Thanks particularly and congratulations to Joschka Lingemann, CERN Fellow working with EP-SFT, who produced the winner preferred by a strong plurality (17 votes in 37 responses). A bottle of wine will be forthcoming for Joschka :-)
Michel, in particular, has kept comprehensive meeting notes, thank you!
Next HSF Newsletter (next week?) will provide a summary of the workshop
Clear message from the Doodle poll that the preferred date is week of Oct 24-28, probably early that week. Location not yet firmly decided, probably CERN.
If this doesn’t work for you, and you very much want to attend, let us know
Proposal to have a journal refereed, abstracted, indexed about HEP computing
Authoritative and central reference archive
Help with career paths
Do not restrict to HEP strictly: open to Data-Intensive Physics. Fields organized as large collaborations around large-scale experiments
Scope should cover all aspects of computing: from infrastructure to data analysis…
Continuous publishing: no paper/volume
Several open questions
Exact size/focus
Business model: hybrid (OA access per article, based on authors choice/constraints) vs. pure OA. Pure OA requires sponsorship.
Article types: regular articles, reviews, advanced tutorials, no letter, no proceedings
Editorial structure
Discussion
Allow publishing software (with DOI) or only articles about software?
May be useful to recognise merit of individuals, not so much internally in HEP but rather for people who will leave the field
Should be wider than HEP: we have more and more collaborations with other communities, we have common issues.

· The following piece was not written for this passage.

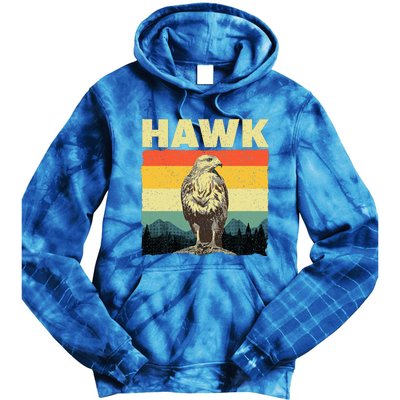 Cute Hawk Design Bird Vintage Hawk Lovers Tie Dye Hoodie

At the same time must be somewhat restricted to people with similar (scale) problems.
Should we set up hepswcomp.stackexchange.com?
If yes, who will initiate it and take care of it?
Need an initial set of 40 questions
Andrea will try to bootstrap it
Open questions
Proposal from Elizabeth Sexton-Kennedy and Fons Rademakers to seed HSF as a legal entity with an anchor project – much as Apache Software Foundation did with httpd – namely ROOT
Do this in parallel with – and without interference with – HSF’s ongoing activities
Would imply adding a Foundation Board, otherwise should not necessarily drive governance changes
Main motivation is to have an entity that can take ownership of SW contributions in the community: clear ownership required to allow clear licensing and collaboration with other fields.
Has to be neutral
Need a “core product” like Apache Server for ASF: ROOT?
Need to find sponsors, including funding agencies
Vincenzo: counter-example of Geant4, with a different form of organization, namely the G4 collaboration
Samir: if we want to increase collaboration with others, not clear that they all want to give up their IPR.
Andy: supportive of HSF being able of taking ownership of IPR but skeptical that existing big projects with huge IPR are good gunieapigs.
Markus: any Foundation would be established under a national law; would US institutes/agencies agree to give IP to a foundation under EU/CH law, or vice-versa?
So long as HSF remains an entirely unresourced volunteer activity, there is no motivation or justification to go to a heavier governance
If/when the HSF becomes ‘resourced’ somehow, governance will need to be addressed
A suggestion from SLAC (Andy Hanushevsy): invite institutes to establish an ‘HSF Center’ as an anchor for their material (not person power) contributions to HSF
E.g. if institute X supports a Jenkins service for the use of HSF & associated projects, the contribution comes as part of their HSF Center
Would allow both the HSF and the institute to clearly identify contributions
For the institute, a means of clearly identifying participation and contribution to HEP S&C common projects via HSF support
For the HSF, concretely identifies contributing institutes and their contributions, and can help incite more
Maintain a list of services we would like Centers to pick up
What can/should be said, concluded, done?
Make a wish/priority list for dedicated effort?
To be defined by CWP & roadmap
Do people feel informed enough about what we do?
Should we continue like now or do something differently?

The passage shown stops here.